(MATERIAL SHOWN Opens)
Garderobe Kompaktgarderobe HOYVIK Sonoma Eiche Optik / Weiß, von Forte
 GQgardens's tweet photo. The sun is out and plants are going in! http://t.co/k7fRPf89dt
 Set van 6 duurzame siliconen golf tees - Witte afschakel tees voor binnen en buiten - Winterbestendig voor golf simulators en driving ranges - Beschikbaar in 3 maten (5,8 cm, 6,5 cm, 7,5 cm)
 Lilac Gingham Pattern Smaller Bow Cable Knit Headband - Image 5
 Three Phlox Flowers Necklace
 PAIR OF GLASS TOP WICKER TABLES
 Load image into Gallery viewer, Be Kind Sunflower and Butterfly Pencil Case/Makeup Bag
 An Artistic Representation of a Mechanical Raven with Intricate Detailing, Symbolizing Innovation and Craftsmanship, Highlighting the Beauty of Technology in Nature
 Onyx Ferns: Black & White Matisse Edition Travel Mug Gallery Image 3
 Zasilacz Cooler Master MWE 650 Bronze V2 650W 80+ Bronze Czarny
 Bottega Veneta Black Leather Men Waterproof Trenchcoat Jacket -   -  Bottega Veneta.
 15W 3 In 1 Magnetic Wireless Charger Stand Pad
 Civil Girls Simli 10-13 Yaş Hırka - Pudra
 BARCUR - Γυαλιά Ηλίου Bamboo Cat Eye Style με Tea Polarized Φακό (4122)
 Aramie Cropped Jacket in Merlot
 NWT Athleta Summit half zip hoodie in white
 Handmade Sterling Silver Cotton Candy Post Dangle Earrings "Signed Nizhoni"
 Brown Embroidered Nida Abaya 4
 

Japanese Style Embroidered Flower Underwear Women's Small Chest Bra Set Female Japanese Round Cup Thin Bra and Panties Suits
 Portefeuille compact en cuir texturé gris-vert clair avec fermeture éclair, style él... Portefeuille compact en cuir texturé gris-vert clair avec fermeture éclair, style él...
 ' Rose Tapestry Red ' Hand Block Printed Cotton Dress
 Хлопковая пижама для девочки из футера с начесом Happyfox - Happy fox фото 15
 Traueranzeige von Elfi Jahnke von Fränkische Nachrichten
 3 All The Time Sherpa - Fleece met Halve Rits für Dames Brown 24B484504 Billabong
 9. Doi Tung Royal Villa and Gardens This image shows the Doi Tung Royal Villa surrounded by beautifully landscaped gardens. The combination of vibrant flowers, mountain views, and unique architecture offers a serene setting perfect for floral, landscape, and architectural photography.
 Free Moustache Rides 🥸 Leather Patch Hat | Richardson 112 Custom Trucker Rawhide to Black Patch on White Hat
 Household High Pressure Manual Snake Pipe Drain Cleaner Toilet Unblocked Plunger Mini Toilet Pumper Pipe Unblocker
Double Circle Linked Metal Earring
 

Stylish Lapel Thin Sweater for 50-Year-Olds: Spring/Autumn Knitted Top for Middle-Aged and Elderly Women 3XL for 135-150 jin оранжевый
(MATERIAL SHOWN Closes)
**PROBLEM**
If a line of the data above contains "Leather", copy it out.

**ANSWER SPACE**
 Bottega Veneta Black Leather Men Waterproof Trenchcoat Jacket -   -  Bottega Veneta.
 Free Moustache Rides 🥸 Leather Patch Hat | Richardson 112 Custom Trucker Rawhide to Black Patch on White Hat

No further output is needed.